Please reproduce every record exactly as written, leaving out the pictures.

[Scraped caption text data]
* * * * * * *

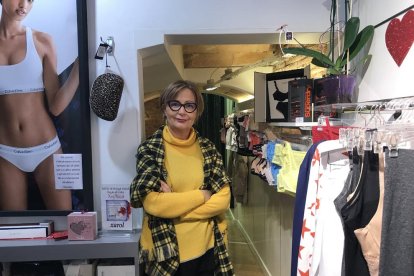 Una empleada de una óptica de Lleida enseña varias gafas a una clienta.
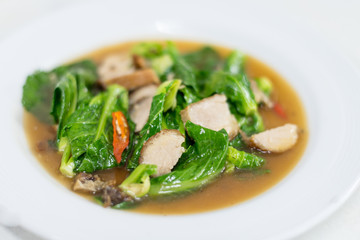 Fried kale with crispy pork, Thai food menu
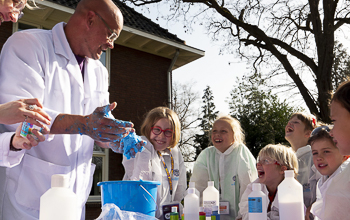 Mad scientist with hands in the air and microphone holding a beaker with a red liquid and smoke pouring out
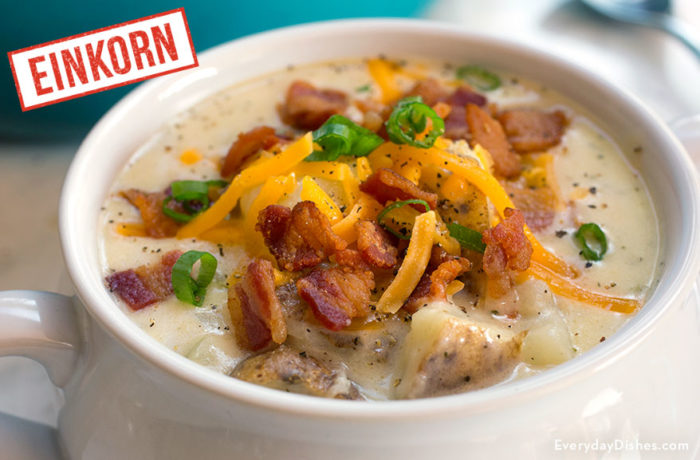 A bowl of einkorn loaded baked potato soup, garnished with bacon and cheese.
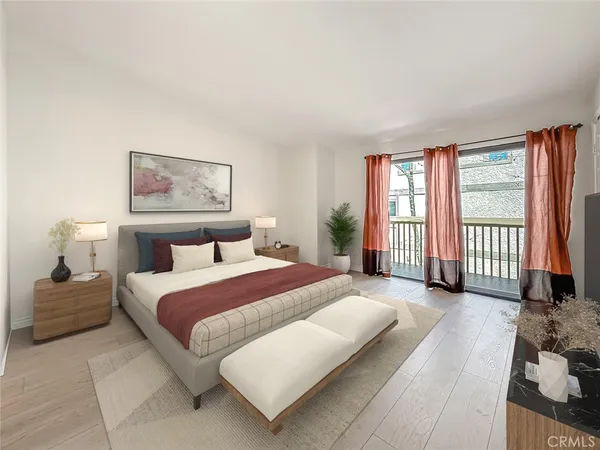 an empty room with wooden floor and window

* * * * * * *

### Solution to this task
 Una empleada de una óptica de Lleida enseña varias gafas a una clienta.
 Fried kale with crispy pork, Thai food menu
 Mad scientist with hands in the air and microphone holding a beaker with a red liquid and smoke pouring out
 A bowl of einkorn loaded baked potato soup, garnished with bacon and cheese.
 an empty room with wooden floor and window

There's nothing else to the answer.